Taş Ocaklarının Mülkiyeti – Tescil DavasıTaş ocakları, İl Özel İdarelerine ait kamu emlağı olduğundan, işleten kişiye mülkiyet hakkı vermez ve zilyetlikle iktisabı mümkün değildir. (Medeni Kanun madde 715) (HGK. 6.4.1955 ve 7/21-25) (6 Mayıs 1317 Tapu Kanunu)

Davacı kendi adına taş ocağı işletme ruhsatı almak suretiyle şirketine kiraya verdiği çekişmeli sahaya ait Hazine tapusunun iptali ile bu yerin kendi adına tescilini istemiş, davalı Hazine davanın reddini savunmuş, mahkemece davanın kabulü cihetine gidilmesi üzerine hüküm Hazine tarafından temyiz edilmiştir.

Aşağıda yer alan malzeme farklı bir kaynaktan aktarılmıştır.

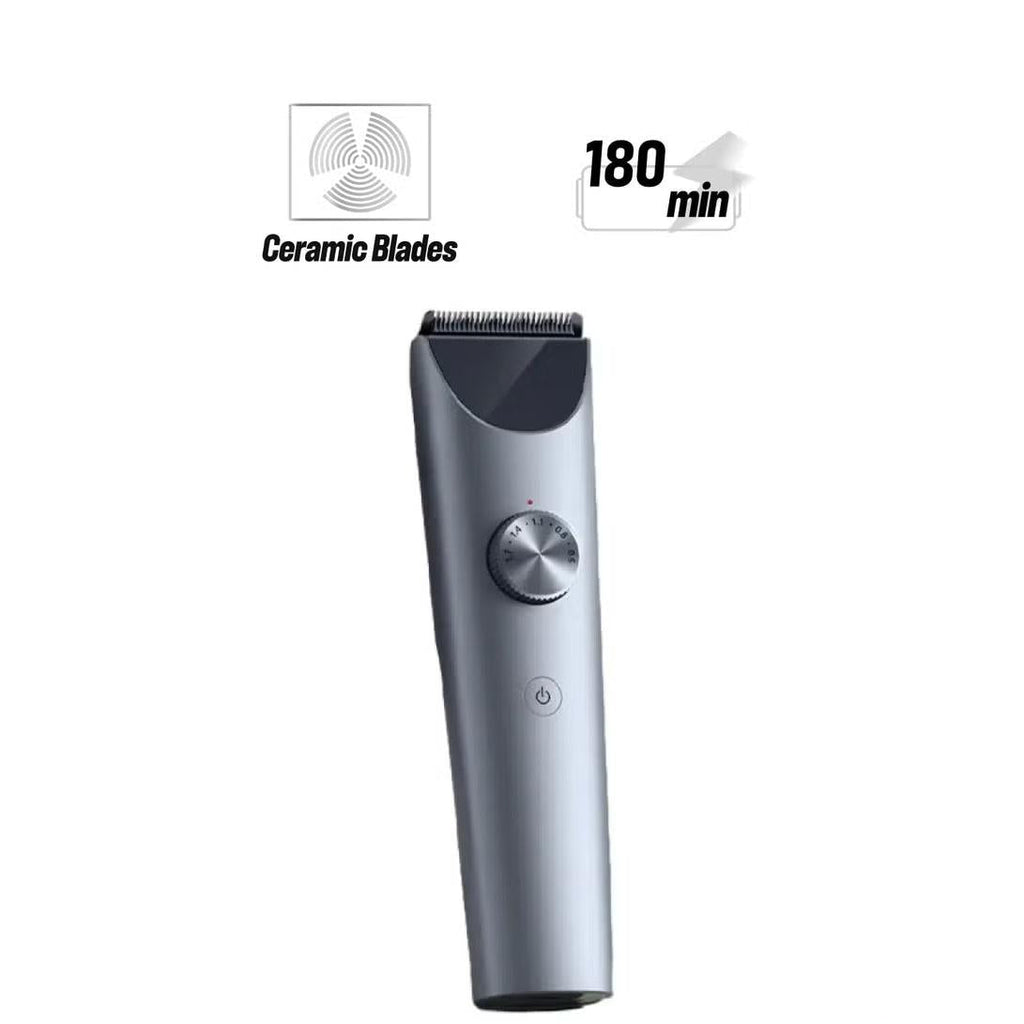 Xiaomi Hair Clipper 2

Dosya içeriğine göre, uyuşmazlık konusu taşınmazın halen taş ocağı olarak işletildiği tartışmasızdır. Davacı A. dahi 16.8.1996 tarihli dava dilekçesinde bu olguyu kabul etmektedir.

HGK.nun 6.4.1955 gün, 7/21-25 sayılı İçtihadında da açıkça vurgulandığı üzere; 6.6.1317 tarihli Taş ocakları Nizamnamesinin (26.5.2004 T. 5177 sayılı kanunla yürürlükten kaldırılmıştır) 1. maddesi kapsamında kalan ve kamu emlağı sayılan taş ocakları, yürürlükten kaldırılan 608 ve 4268 sayılı kanunlarla hususi hükümlere tabi tutulmuş, bu türden taşınmazlar önceleri devlete ait iken, sonraki tadillerle İl Özel İdarelerine aidiyeti kabul edilmiştir.

Amme emlağı sayılan böyle bir yerde taş ocağı işletmeciliği yapılması, işleten kişiye mülkiyet hakkı bahşetmez. Değişik bir anlatımla, kamu emlağının zilyetlikle iktisabı mümkün değildir. Kaldı ki, bu yerler halen Hazine adına tapulu bulunmaktadır. Açıklanan nedenle; davanın reddine karar verilmesi gerekir iken yazılı gerekçe ile kabulü cihetine gidilmesi doğru değildir. Davalı Hazinenin temyiz itirazları bu bakımdan yerinde olduğundan kabulü ile hükmün açıklanan nedenlerle BOZULMASINA, (Y.8.HD. 23.09.1997 T. 1081 E. 5450 K.)